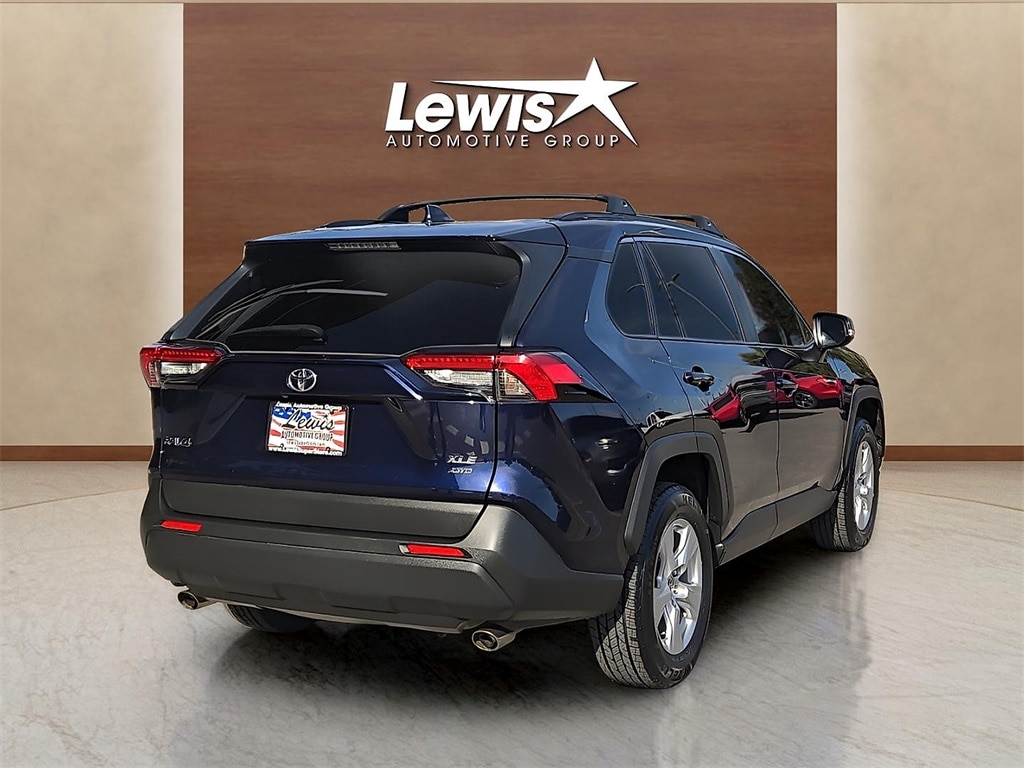 Used 2021 Toyota RAV4 XLE SUV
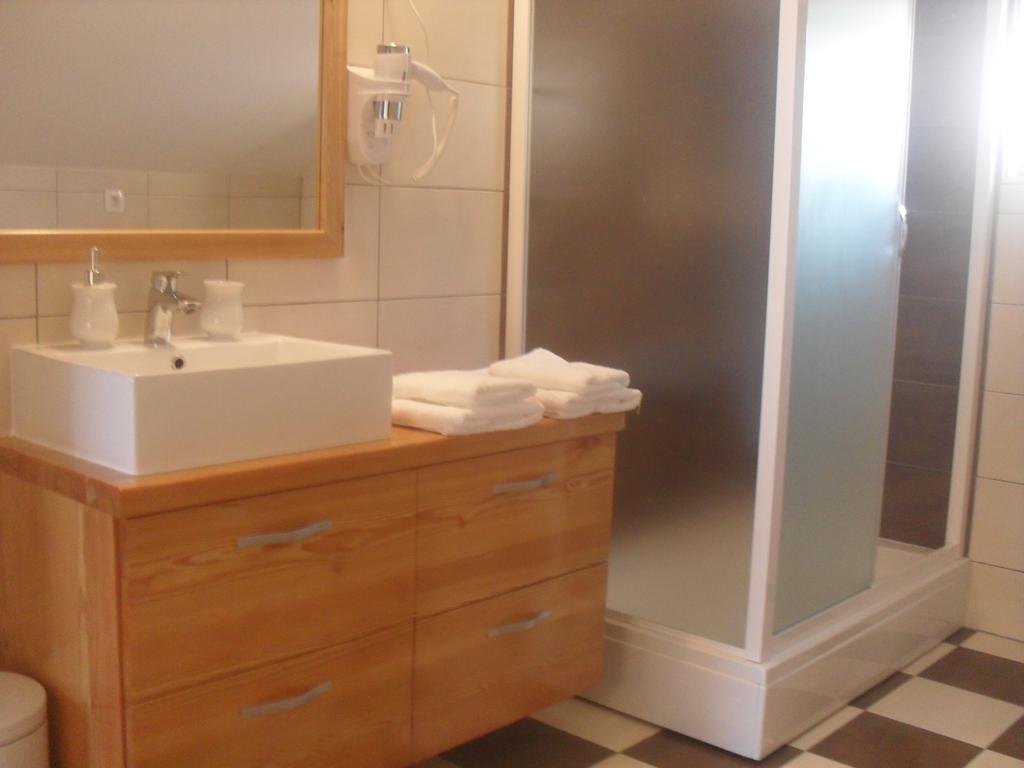Apartment Bogoje Kuciste Bagian luar foto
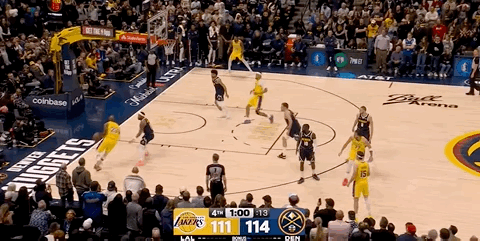 斯玛特，连续三分球，没把握住。 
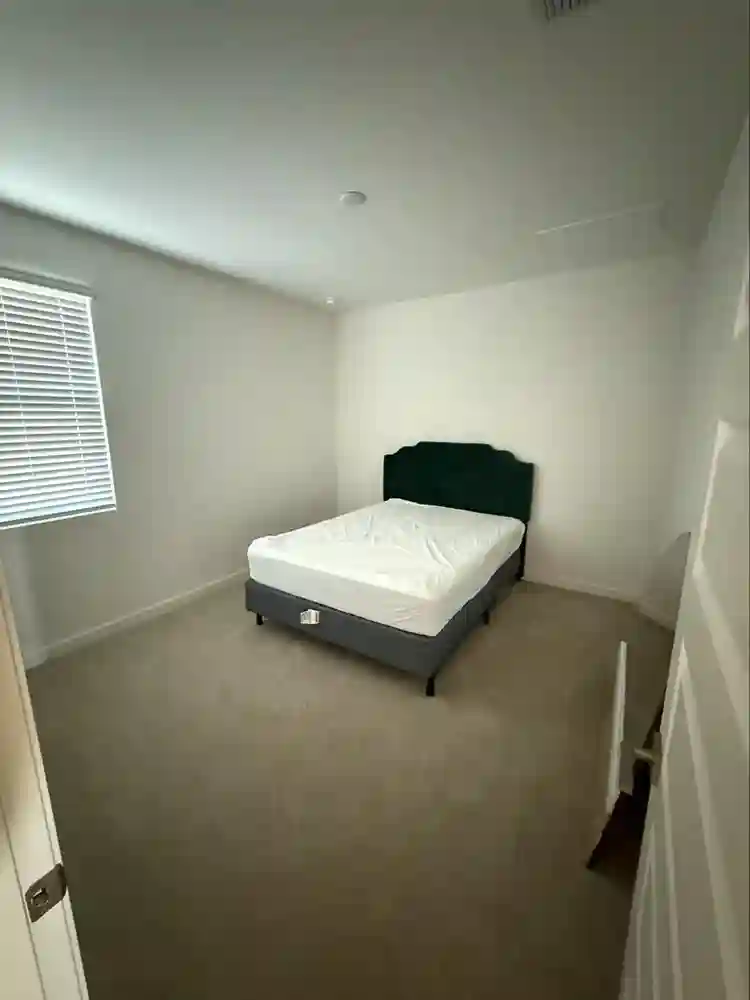 Private room w/ shared bathroom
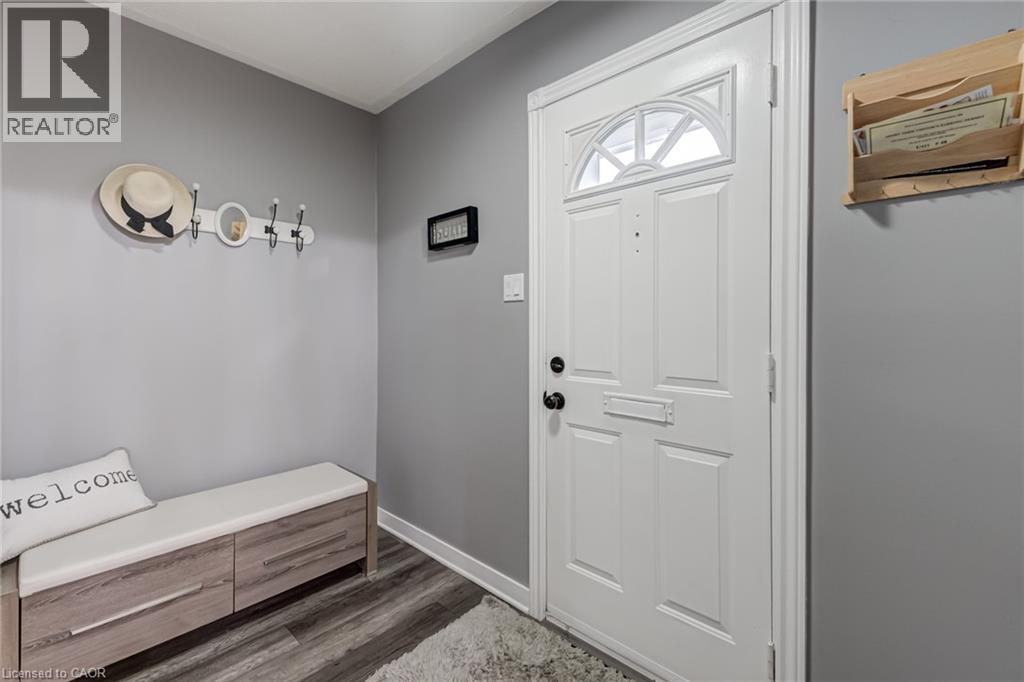 2825 Gananoque Drive Unit# 48, Mississauga, Ontario  L5N 1V6 - Photo 3 - 40797660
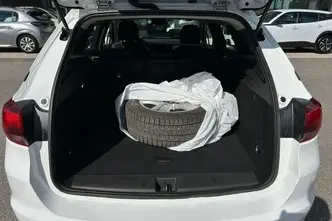 Opel Astra, 1.2, 81 kW, bensiin, manuaal, esivedu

-------------------------

What you will do >> Hand back all the entries exactly, leaving out the pictures.

Written solution >>
 Used 2021 Toyota RAV4 XLE SUV
Apartment Bogoje Kuciste Bagian luar foto
 斯玛特，连续三分球，没把握住。 
 Private room w/ shared bathroom
 2825 Gananoque Drive Unit# 48, Mississauga, Ontario  L5N 1V6 - Photo 3 - 40797660
 Opel Astra, 1.2, 81 kW, bensiin, manuaal, esivedu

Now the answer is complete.